Balfour v Balfour – not a contract because the parties did not intend that the agreement
should be attended by legal consequences.
In contrast,
Meritt v Meritt – there was intention to create legal relations and the agreement I was
enforceable.
- Agreement between family & friends
Choo Tiong Hin & Ors v Choo Hock Swee – there was an intention to create legal relations.
In contrast,
Simpkins v Pays – there was an intention to create legal relation.
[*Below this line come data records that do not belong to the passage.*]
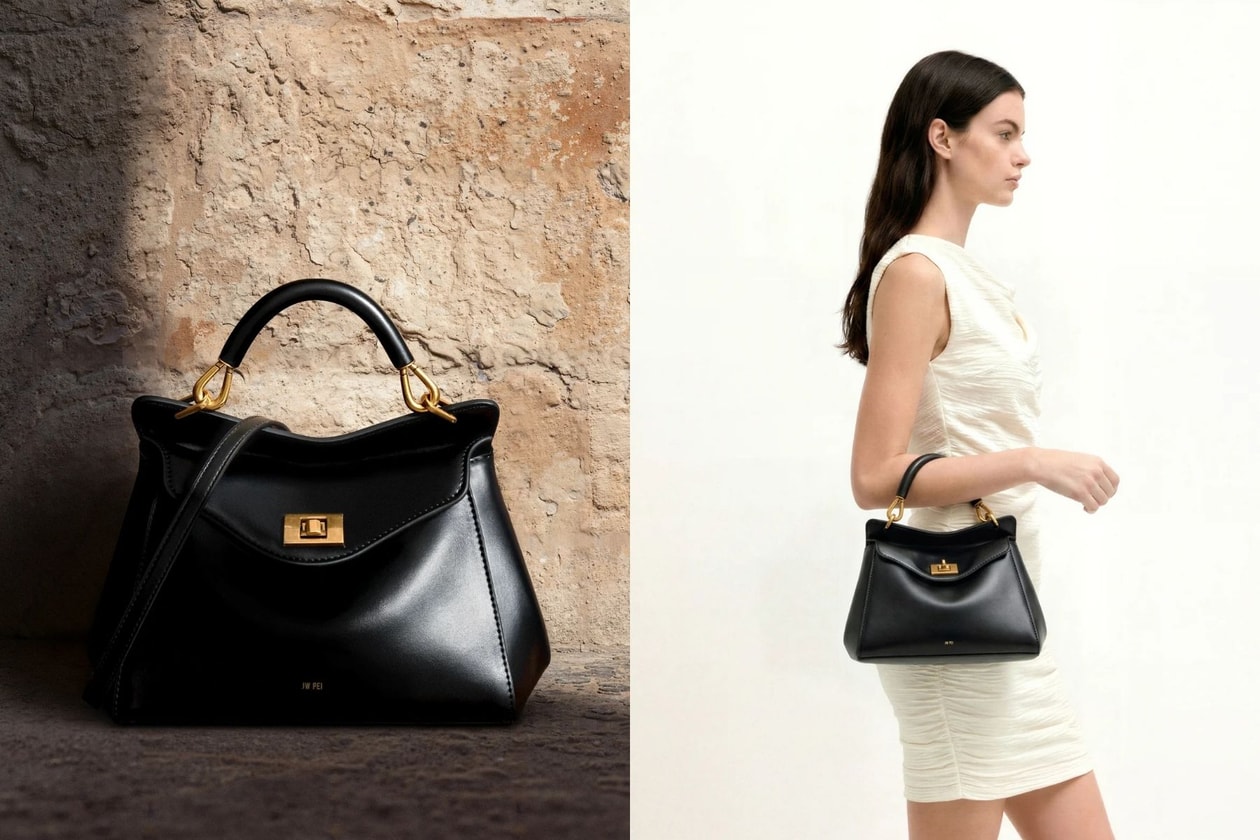 Anne Hathaway wearing a black Gianni Versace dress and carrying the black JW Pei Lucia Bag in New York in 2026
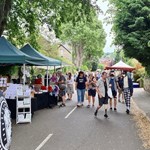 Crowds wander along stalls at the leafy Nether Edge Market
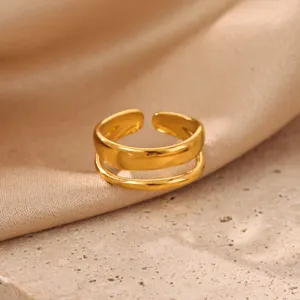 Gold minimalist double layer open ring close-up, elegant metallic texture detail view.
9. Joyce bought a new car from Bram Motors in her name and gave it to Ben for his use. The car
was found to be faulty with many mechanical defects. They intend to commence legal action
against Bram Motors but not sure who should be the party to sue Bram Motors. Discuss.
ISSUE:
- The issue here is whether who has a right to bring an action against Bram Motors.
LAW:
- The doctrine of privity of contract means a non-party cannot bring an action on the
contract. The law has laid down the principle that only those who are parties to the
contract or privy to the contract can sue or be sued on it.
- A person who is not a party a to a contract may not enforce the contract even though it
was made for his benefit.
APPLY:
- In this case, the contract is between the company Bram Motors and Joyce. Ben is not a
party to the contract to purchase of the car. Therefore, Ben cannot take an action in
contrast against Bram Motors because he is not privity. i.e. a party is the contract
between Bram Motors and Joyce.
CONCLUSION:
- In this case, only Joyce can sue Bram Motors. She is the party to the contract with Bram
Motors. Bram cannot sue because he is a non-party.